** Opening Exercise inputs block **
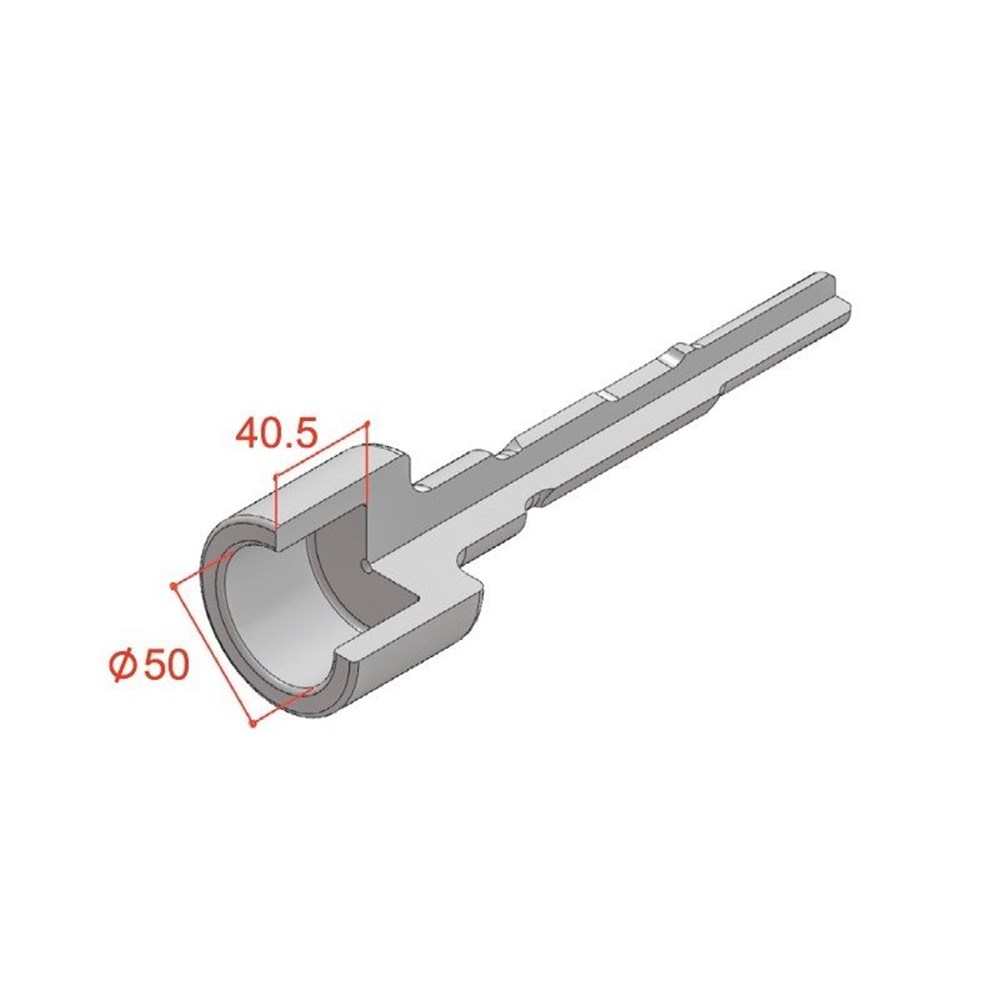 [170-22722250] 50 x 250mm 21mm Hex Shank Star Picket Driver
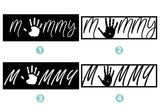 Baby Hand Print with Mommy Word Metal Wall Art - BrossHome Metal Wall Art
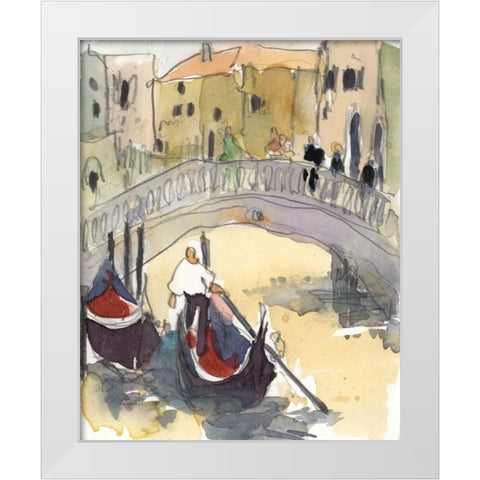 Venice Plein Air III White Modern Wood Framed Art Print by Dixon, Samuel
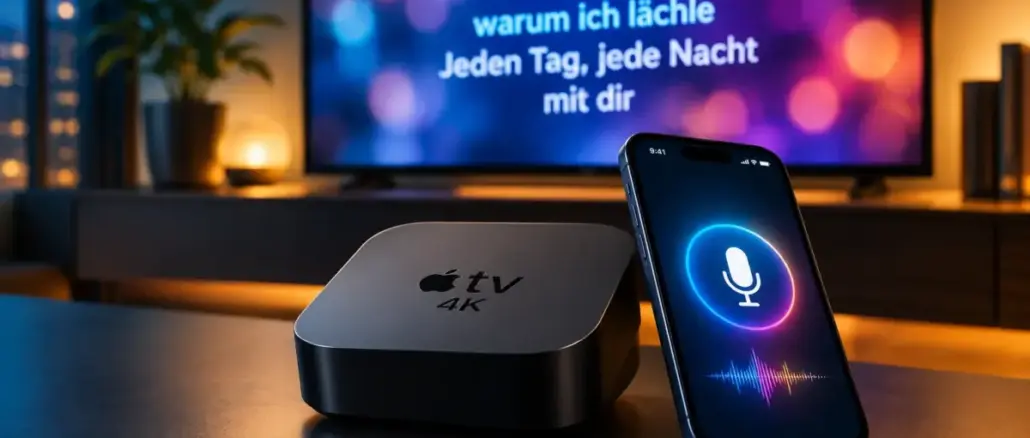 How to use Apple Music Sing on Apple TV 4K with your iPhone as a microphone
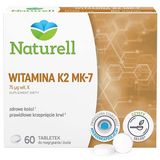 Naturell Witamina K2 MK-7, witamina K 75 µg, 60 tabletek do rozgryzania i żucia - miniaturka zdjęcia produktu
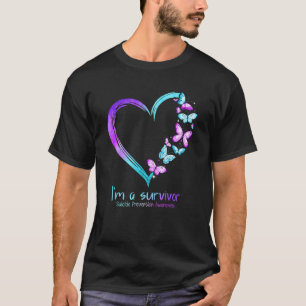 Schmetterlingsherz Ich bin ein Überlebender Suizid T-Shirt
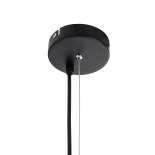 GloboStar® TRIBECA 01326 Μοντέρνο Κρεμαστό Φωτιστικό Καμπάνα Μονόφωτο 1 x E27 IP20 Γκρι Τσιμέντο - Μ30 x Π30 x Υ27cm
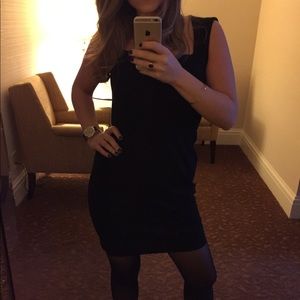 Black banana republic suiting dress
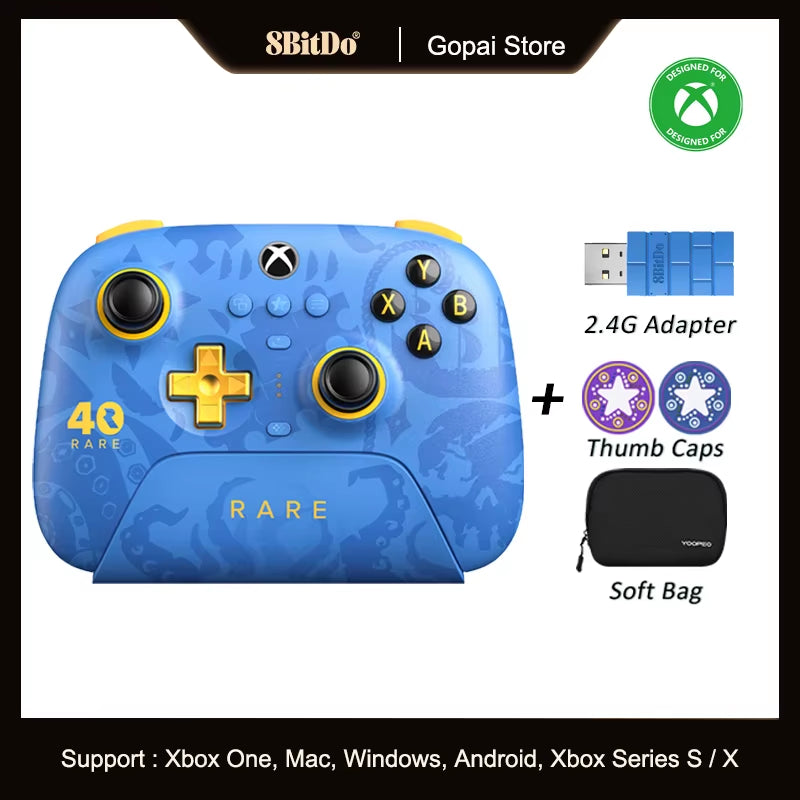 8Bitdo Ultimate-3-Mode Controller - Rare 40Th Anniversary Edition for Xbox Series X|S & Xbox One, Apple, Windows PC & Android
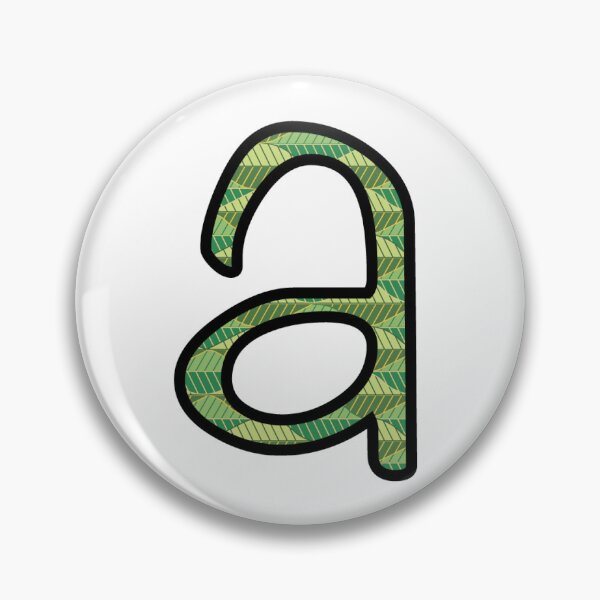 Item preview, Green Leaves Lowercase Letter designed and sold by UrsulaFashion.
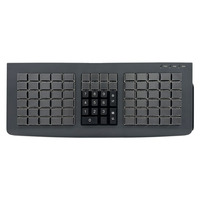 Teclado portátil programable POS de 81 teclas para uso en caja y contabilidad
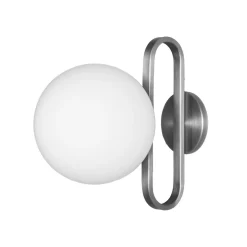 Applique murale Cime Argent Globe 20 cm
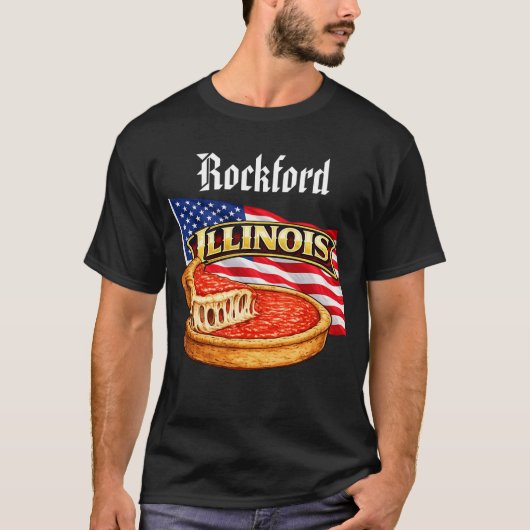 Illinois Heren Donker T-shirt (Voorkant)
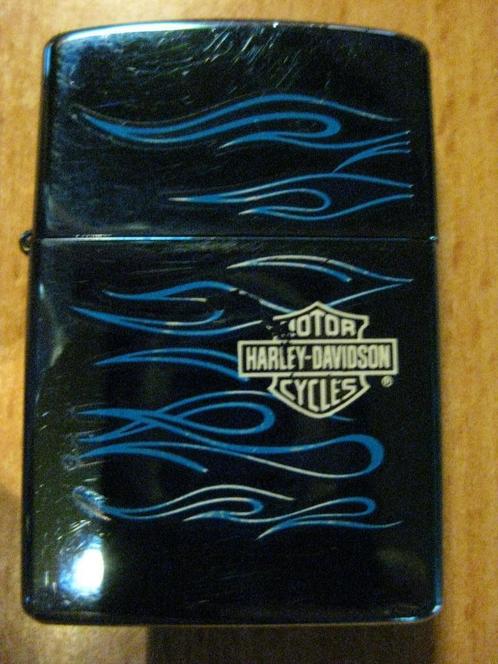 Harley Davidson Zippo, Verzamelen, Rookartikelen, Aanstekers en Luciferdoosjes, Gebruikt, Aansteker, Ophalen of Verzenden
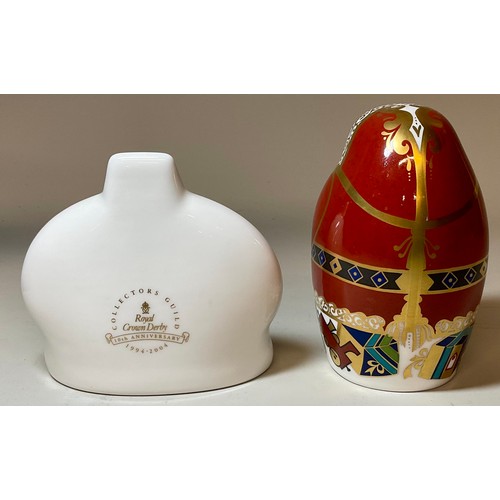 3010 - A Royal Crown Derby paperweight, Crown Namestand, in red,  Collectors Guild exclusive for 10 years c... 
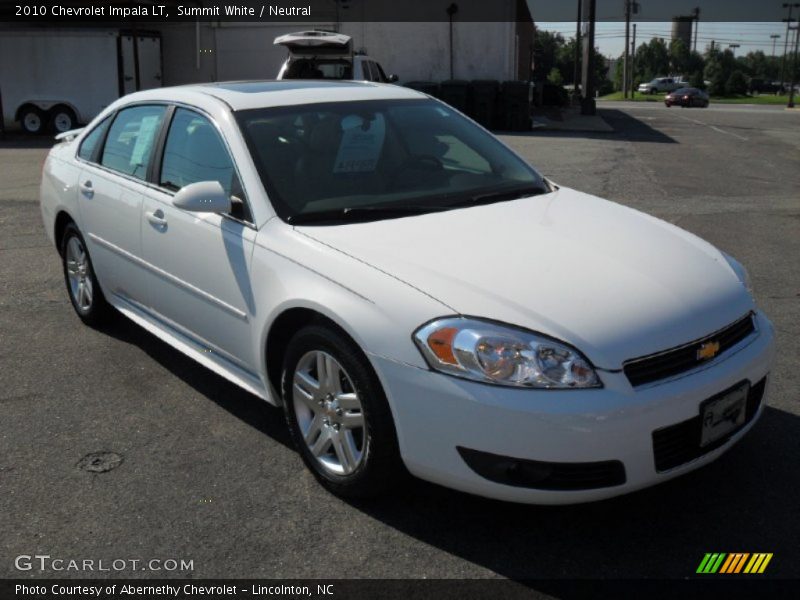 Summit White / Neutral 2010 Chevrolet Impala LT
** Closing Exercise inputs block **
Could every record be given again exactly, with its pictures left out?

 [170-22722250] 50 x 250mm 21mm Hex Shank Star Picket Driver
 Baby Hand Print with Mommy Word Metal Wall Art - BrossHome Metal Wall Art
 Venice Plein Air III White Modern Wood Framed Art Print by Dixon, Samuel
 How to use Apple Music Sing on Apple TV 4K with your iPhone as a microphone
 Naturell Witamina K2 MK-7, witamina K 75 µg, 60 tabletek do rozgryzania i żucia - miniaturka zdjęcia produktu
 Schmetterlingsherz Ich bin ein Überlebender Suizid T-Shirt
 GloboStar® TRIBECA 01326 Μοντέρνο Κρεμαστό Φωτιστικό Καμπάνα Μονόφωτο 1 x E27 IP20 Γκρι Τσιμέντο - Μ30 x Π30 x Υ27cm
 Black banana republic suiting dress
 8Bitdo Ultimate-3-Mode Controller - Rare 40Th Anniversary Edition for Xbox Series X|S & Xbox One, Apple, Windows PC & Android
 Item preview, Green Leaves Lowercase Letter designed and sold by UrsulaFashion.
 Teclado portátil programable POS de 81 teclas para uso en caja y contabilidad
 Applique murale Cime Argent Globe 20 cm
 Illinois Heren Donker T-shirt (Voorkant)
 Harley Davidson Zippo, Verzamelen, Rookartikelen, Aanstekers en Luciferdoosjes, Gebruikt, Aansteker, Ophalen of Verzenden
 3010 - A Royal Crown Derby paperweight, Crown Namestand, in red,  Collectors Guild exclusive for 10 years c... 
 Summit White / Neutral 2010 Chevrolet Impala LT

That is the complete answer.